Bug #52372
Managers hang after API calls
0%
Description
Hi there,
We're using Nagios NRPE to monitor the capacity of our clusters with a self-built script, since deploying this script I've noticed that managers are becoming unresponsive.You'll find the script (PHP) attached to this issue, but the quick summary of what it does is as follows:
- Authorize using
/api/auth
if no session is cached which is still valid, if newly created, cache the session to disk - Fetch the
/api/osd
endpoint - Fetch the
/api/cluster_conf
endpoint
Nagios is calling this script roughly every 5 minutes on each monitor VM (Which there are 3 of).
I've tried to debug the issue, but the managers just stop logging, even though the process is still active.
Restarting the managers via systemd works, but after 1 or 2 days all managers are faulted again.
I've noticed this issue in the 16.2.4 and 16.2.5 release, if any more debug information is required I'll do my best to provide it.
History
#1 Updated by Sebastian Wagner almost 2 years ago
- Project changed from Ceph to Dashboard
- Category deleted (
common)
#2 Updated by Ernesto Puerta over 1 year ago
- Category set to General - Back-end
Hi Kevin,
Just found this tracker. We've got reports from a few users facing periodic hangs of the Dashboard, but that's not a general issue, so we're trying to find out whether this is connected to some environment issue.
Are you running some kind of security tool (Qualys) that might interfere with the Ceph Dashboard? This cheroot (the Cherrypy web server) issue reports a similar behaviour.
#3 Updated by Kevin Meijer over 1 year ago
Ernesto Puerta wrote:
Hi Kevin,
Just found this tracker.
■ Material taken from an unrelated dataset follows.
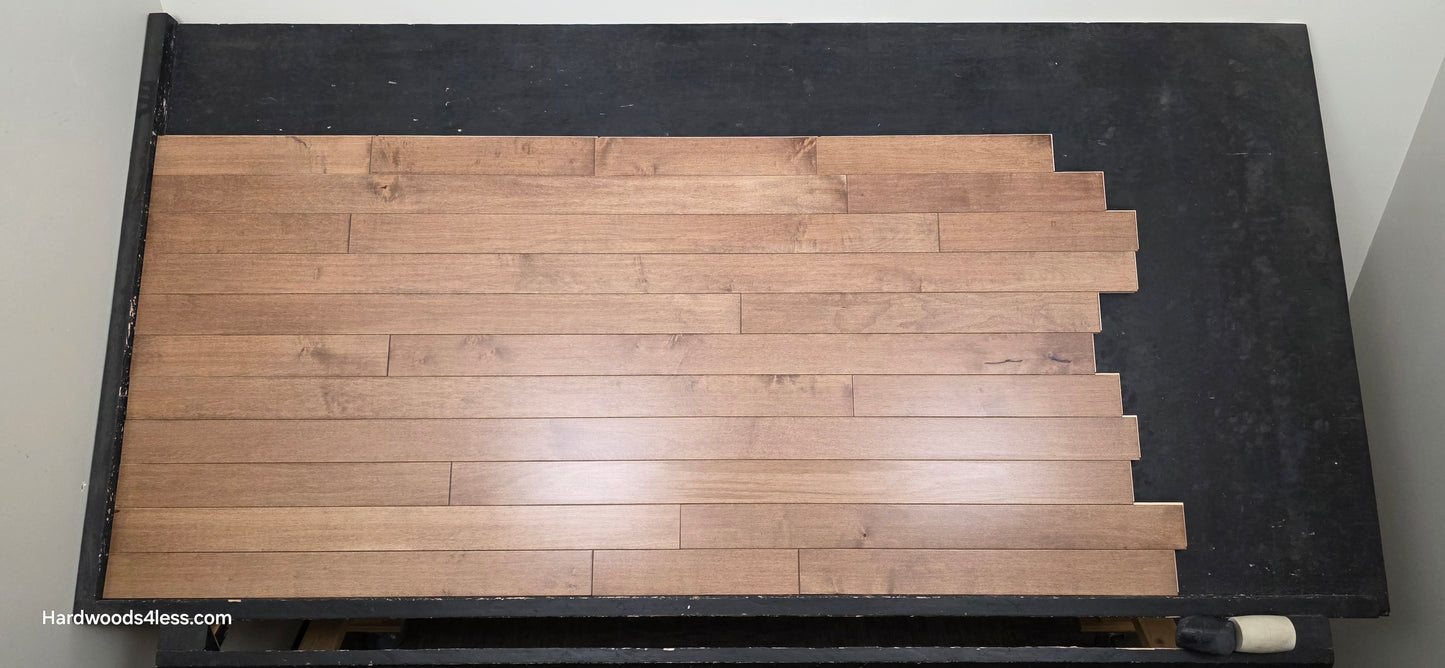 3 1/4" x 3/4" Solid Maple Haystack Hardwood Flooring. Shown on a black shooting table. Shot from center.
We've got reports from a few users facing periodic hangs of the Dashboard, but that's not a general issue, so we're trying to find out whether this is connected to some environment issue.
Are you running some kind of security tool (Qualys) that might interfere with the Ceph Dashboard? This cheroot (the Cherrypy web server) issue reports a similar behaviour.
Ernsteo,
No, we are not running any kind of extra (Security) software on our Ceph nodes.